◆ **The problem**
From the entries that follow, reproduce exactly and only the lines from the line with "Engaging brown maroon lehenga" to the line with "Online gambling excitement", endpoints included.

◆ **The records**
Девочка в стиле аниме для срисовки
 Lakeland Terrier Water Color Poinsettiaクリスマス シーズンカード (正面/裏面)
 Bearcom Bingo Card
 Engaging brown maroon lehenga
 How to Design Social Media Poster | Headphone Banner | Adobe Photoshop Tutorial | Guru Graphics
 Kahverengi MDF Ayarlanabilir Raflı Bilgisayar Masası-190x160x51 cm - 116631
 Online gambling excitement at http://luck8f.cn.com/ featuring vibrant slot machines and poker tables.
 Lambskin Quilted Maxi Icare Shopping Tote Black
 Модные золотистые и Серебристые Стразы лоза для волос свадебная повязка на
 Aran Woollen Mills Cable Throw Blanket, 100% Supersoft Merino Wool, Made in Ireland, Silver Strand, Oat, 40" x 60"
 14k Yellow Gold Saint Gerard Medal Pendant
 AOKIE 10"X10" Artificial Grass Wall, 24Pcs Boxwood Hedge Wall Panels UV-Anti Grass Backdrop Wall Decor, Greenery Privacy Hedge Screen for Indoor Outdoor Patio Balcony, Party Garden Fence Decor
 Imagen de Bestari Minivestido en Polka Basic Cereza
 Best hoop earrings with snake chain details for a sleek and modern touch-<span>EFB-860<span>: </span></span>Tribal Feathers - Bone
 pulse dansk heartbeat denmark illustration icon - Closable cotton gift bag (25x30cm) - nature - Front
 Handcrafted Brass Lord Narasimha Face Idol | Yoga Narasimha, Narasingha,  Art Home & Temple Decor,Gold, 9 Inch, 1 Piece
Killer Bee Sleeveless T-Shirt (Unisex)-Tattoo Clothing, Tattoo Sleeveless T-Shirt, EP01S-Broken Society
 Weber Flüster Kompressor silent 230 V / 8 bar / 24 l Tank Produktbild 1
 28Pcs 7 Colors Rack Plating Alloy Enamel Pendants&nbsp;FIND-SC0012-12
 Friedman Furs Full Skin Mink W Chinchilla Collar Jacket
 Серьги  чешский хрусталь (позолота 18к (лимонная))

◆ **Response area**
 Engaging brown maroon lehenga
 How to Design Social Media Poster | Headphone Banner | Adobe Photoshop Tutorial | Guru Graphics
 Kahverengi MDF Ayarlanabilir Raflı Bilgisayar Masası-190x160x51 cm - 116631
 Online gambling excitement at http://luck8f.cn.com/ featuring vibrant slot machines and poker tables.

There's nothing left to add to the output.